Lord Kennet asked Her Majesty's Government:

    Whether the reduction of differentials within the United Kingdom economy, and globally, is among their policies.[HL543]

Lord McIntosh of Haringey: The Government's central economic objective is high and stable levels of economic growth and employment. To achieve this we need a fairer society in which everyone has the opportunity to succeed. Equal opportunity and economic prosperity go hand in hand. The Government's policies will ensure that everyone has access to economic opportunity by helping people move from welfare to work, making work pay and investing in skills.

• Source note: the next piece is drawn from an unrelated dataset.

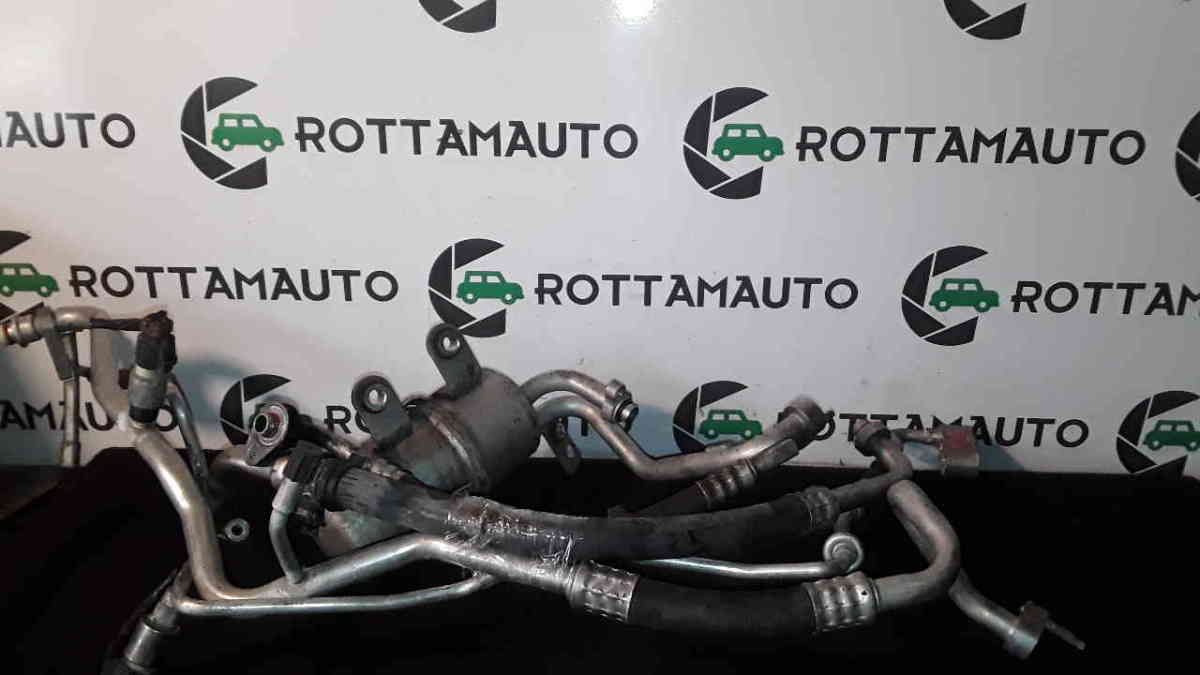 Kit tubi a/c - Immagine 1 di 5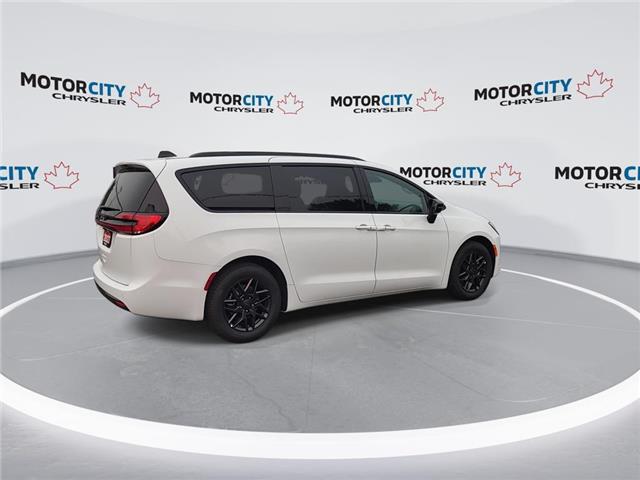 2027 Chrysler Pacifica Select (Stk: 270001) in Windsor - Image 8 of 25 2027 Chrysler Pacifica Select (Stk: 270001) in Windsor - Image 8 of 25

Internationally, the Chancellor has pressed for a set of principles of good practice to ensure that everyone can share and contribute to rising economic growth and prosperity. The World Bank is taking this work forward in consultation with other international organisations.

Territorial Army: All Arms Watchkeeper Pool

Earl Attlee asked Her Majesty's Government:

    What is the role and establishment of the All Arms Watchkeeping Pool at the Central Volunteer Headquarters, Royal Artillery (CVHQ RA).[HL535]

The Minister of State, Ministry of Defence (Lord Gilbert): The role of the All Arms Watchkeeper and Liaison Officer Pool (Volunteers) has been to provide specialist TA officers to fill specified war establishment posts in UK Army formations, NATO Army formations and Royal Air Force Squadrons. In future, these officers will form a training pool and have no specific war role; their establishment will be reduced from 345 to 175 officers.